SUKABUMIUPDATE.com - Muhammad Abi Rahman Saputra (19 tahun) didiagnosis penyakit osteogenesis imperfecta atau kerapuhan tulang. Saat ini ia hanya mampu terbaring di atas tempat tidur di rumahnya yang berlokasi di Kampung Sayang RT 02/01 Desa Margaluyu, Kecamatan Sukaraja, Kabupaten Sukabumi.
Abi adalah anak pertama dari tiga bersaudara pasangan suami istri Yudi (44 tahun) dan Rina (38 tahun).

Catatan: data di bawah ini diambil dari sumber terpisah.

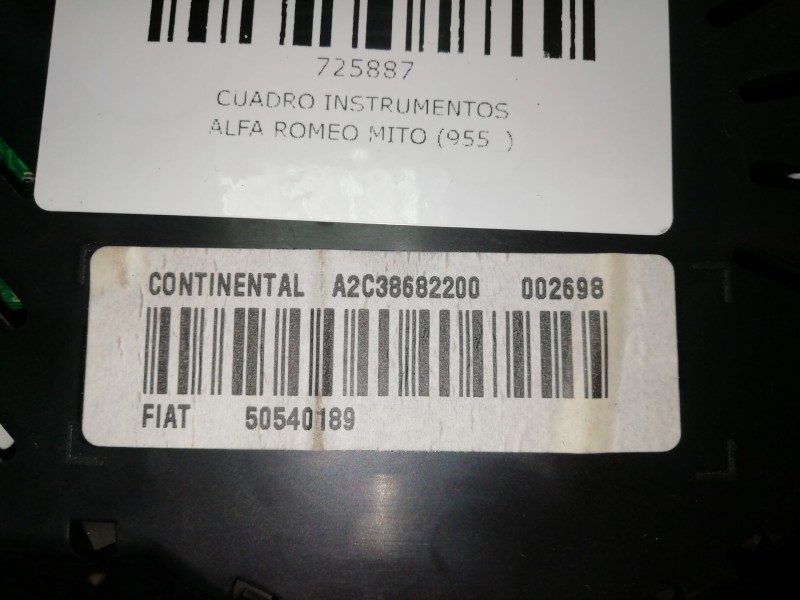 Recambio de cuadro instrumentos para alfa romeo mito (955_) 1.4 (955.axb1b, 955.axu1a) referencia OEM IAM A2C38682200 - 50540189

Yudi saat ini bekerja sebagai pedagang mie ayam di pinggir jalan dekat rumahnya, sedangkan Rina ibu rumah tangga.
Kondisi memprihatinkan ini diceritakan sang ibu. Menurut Rina, sejak belajar berjalan pada usia dua atau tiga tahun, anaknya terlihat mudah lelah dan terdapat perbedaan pada kakinya yang panjang sebelah. Waktu terus berjalan, gejala yang dialami Abi semakin parah. Ia bahkan tidak dapat berjalan jika terbentur.
“Kena benturan langsung enggak bisa jalan empat hari, udah gitu biasa lagi. Tapi fatalnya pas umur 15 tahun di kelas 3 SMP. Waktu itu dia mau salat magrib, mau wudu di WC, abis ngambil wudu kepeleset, fatal sampai sekarang enggak bisa jalan karena dari tulang selangkangannya patah,“ kata dia kepada sukabumiupdate.com, Selasa (29/4/2025).
Sejak saat itu, upaya penyembuhan Abi terus dilakukan, mulai di RSUD R Syamsudin SH Kota Sukabumi, RSUP Dr Hasan Sadikin Bandung, hingga RS Dr Cipto Mangunkusumo. Namun belum ada perkembangan signifikan. Hal ini, kata Rina, disebabkan faktor penyakit osteogenesis imperfecta yang diderita anaknya.
Baca Juga: 6 Bulan Terbaring Sakit dan Tak Mampu Berobat, Warga Ciwaru Sukabumi Buka Donasi untuk Oji
“Pengobatannya kalau di Sukabumi di RS Bunut (RSUD R Syamsudin SH), tapi enggak bisa nerima, langsung dirujuk ke RSHS (RSUP Dr Hasan Sadikin Bandung). Dari sana kita ikhtiar, karena prosesnya lama, kita pengen cepet, langsung dibawa ke RS Cipto. Tahunya sama aja karena penyakitnya," ujarnya menjelaskan.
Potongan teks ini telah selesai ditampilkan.